O alongamento para evitar dores musculares tem sido defendido há muito tempo. Mas as evidências sugerem que o alongamento imediatamente antes e / ou logo após o exercício realmente nenhum efeito na dor muscular durante os dias subsequentes. Portanto, esticar para tentar evitar o inevitável acompanhamento doloroso de um treino pesado quase certamente não o levará a lugar algum. Também existe atualmente nenhuma evidência convincente esse alongamento pode ajudar a reduzir lesões em atividades com altas taxas de lesões.

Além do alongamento estático e dinâmico, outras técnicas cresceram em popularidade nos últimos anos.

O alongamento balístico é semelhante ao alongamento dinâmico, mas incorpora movimentos de salto para empurrar a amplitude de movimento até os extremos de seus limites. Outro tipo de alongamento, chamado facilitação neuromuscular proprioceptiva, ou PNF, envolve contração e relaxamento repetidos dos músculos alvo, a fim de permitir que eles se estiquem. Muitos acreditam que o PNF permite uma maior amplitude de movimento, mas esse efeito apenas dura cerca de cinco segundos após o final do alongamento.
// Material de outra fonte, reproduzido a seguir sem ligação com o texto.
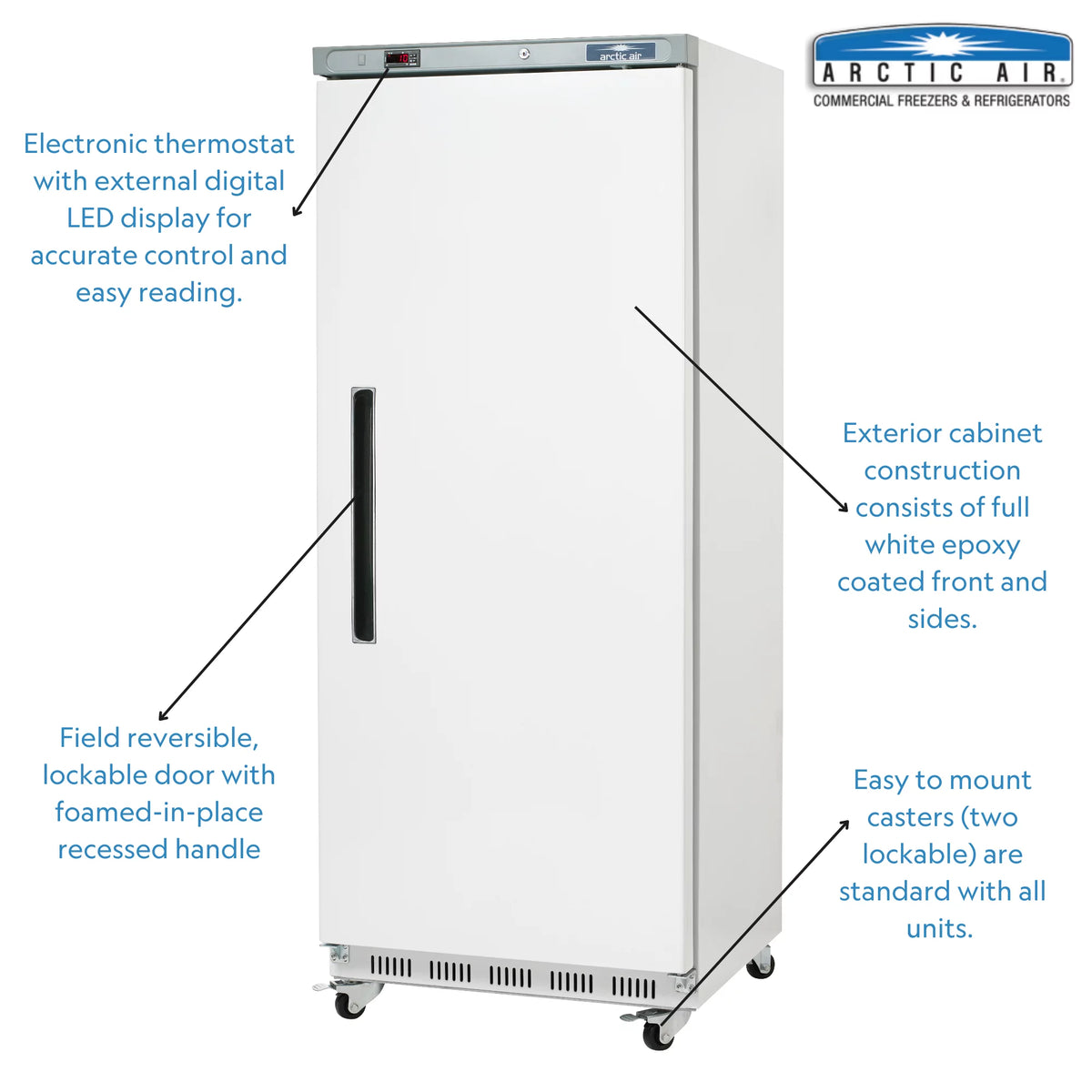 White Single Door Reach in Commercial Refrigerator 25 cu. ft. W54364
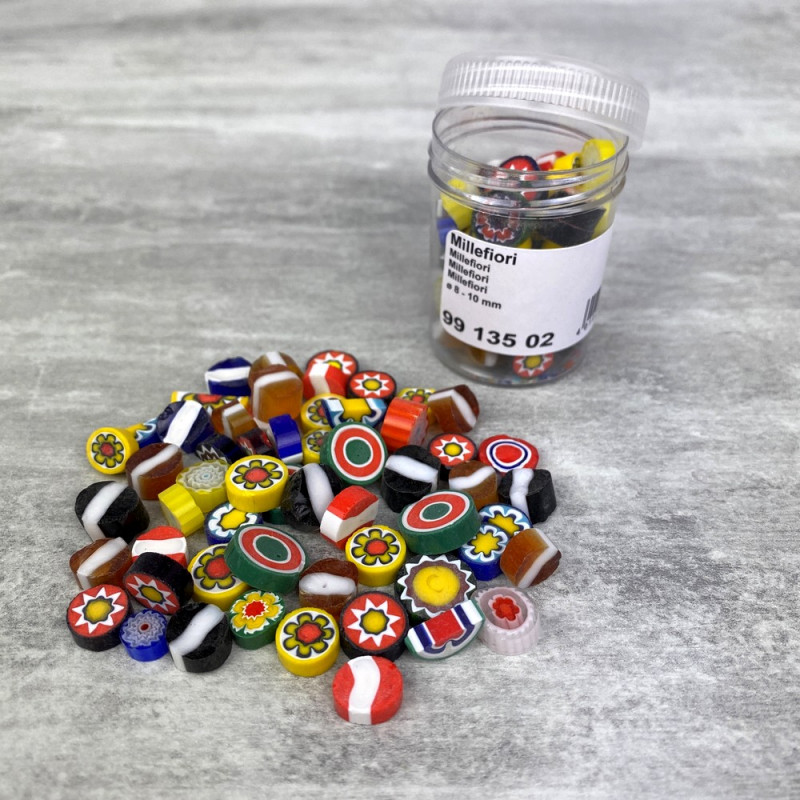Millefiori, émaux milles fleurs, 8 à 10 mm, mélange de couleurs, flacon de 40 g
Todos esses métodos de alongamento aumentarão a flexibilidade, mas com base nas evidências atuais, alongamento estático é ainda mais eficaz ou PNF ou alongamento balístico para melhorar a amplitude de movimento, e pode até ser um pouco melhor do que alongamento dinâmico.

Mas realmente não há necessidade de complicar demais sua rotina de alongamentos. Trabalhe os grandes grupos musculares dentro de suas amplitudes de movimento e programe as coisas com sabedoria, para que seus alongamentos não prejudiquem o restante do exercício. Embora seja improvável que o alongamento por si só tenha muito impacto em seu treino ou recuperação, um pouco de alongamento durante o aquecimento pode ajudar a preparar gradualmente seu corpo para o exercício.

Dito isto, esticar para melhorar a flexibilidade ainda oferece inúmeros benefícios à saúde, incluindo circulação melhorada pressão arterial reduzida. Público diretrizes recomendam fazendo exercícios de flexibilidade duas ou três vezes por semana, incorporando alongamentos estáticos e dinâmicos.

Se praticar esses alongamentos imediatamente após um treino é o momento mais prático para incorporar seu treinamento de flexibilidade, certamente não fará mal a você. E se você estiver preocupado com lesões, sua melhor aposta é se concentrar em um aquecimento completo, que também pode incluir uma dose saudável de alongamento dinâmico.A Conversação

Sobre o autor

Lewis Macgregor, professor de Esporte, Saúde e Ciência do Exercício, Universidade de Stirling

Este artigo foi republicado a partir de A Conversação sob uma licença Creative Commons. Leia o artigo original.